I perceive this as a very limiting concept. First thing is that it's confusing, because "maker" has a meaning coming from the maker movement. We could possibly address the maker movement, but I don't think we actually want to do this or would be in any particular good position to do so. The second thing is that it excludes all people who wouldn't consider themselves as makers. There are so many people who are technically interested, but still mostly use and consume technology not make them themselves, or who wouldn't consider what they do as making, even if we would. We do need to include passive users who are happy openSUSE users, but don't contribute yet. I do agree that we shouldn't address everybody, and that a technical audience suits us well.
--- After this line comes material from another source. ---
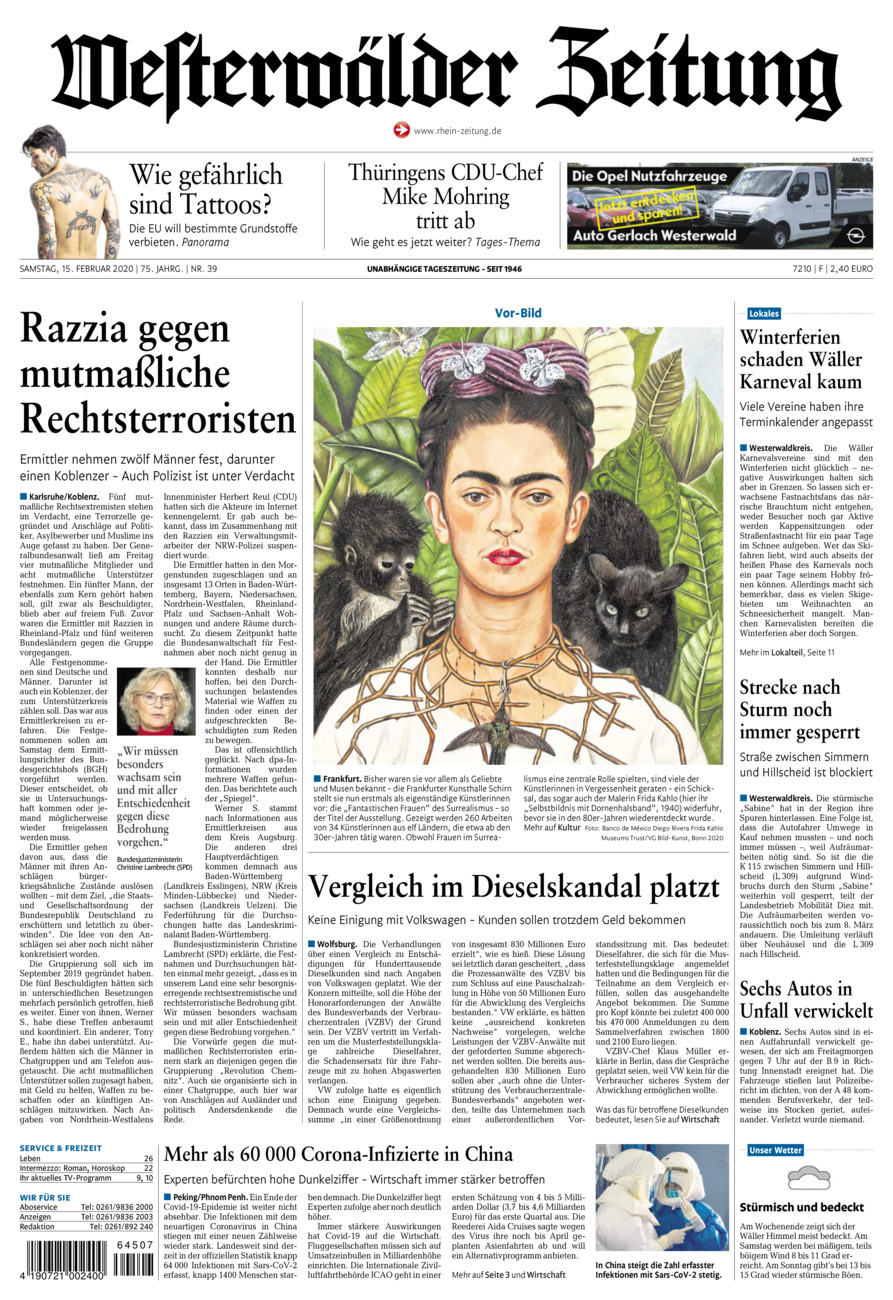 Westerwälder Zeitung vom Samstag, 15.02.2020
But I think this should be much broader than "makers". We have our strengths in the middle-ground between the real technical enthusiasts and the mass market end user. We provide a distribution which is slick and polished and has nice technical tools, so that a broad number of people can use it. We do require a bit of technical understanding, but not too much. I think this is actually a pretty good position, which can reach a lot of people. Let's not waste it.
More *contributors* mean we can build more, build better and find more people to help is build even more, and build even better.
Popular, attractive, growing, visible, relevant projects get contributors, not projects who want to have contributors for the sake of contributing. I think it's actually really simple. Do something with matters to users and contributors will naturally come.
And that's fine, great, and I look forward to that day - but lets spend the majority of our time and effort focusing where we get the most benefit, which in my opinion really means embracing the concept of 'The Makers Choice' and using it as a strong guide to direct our marketing efforts for the next years.
This will drive us into a rathole of irrelevance where only few people will
find us again. That's not where I want to be.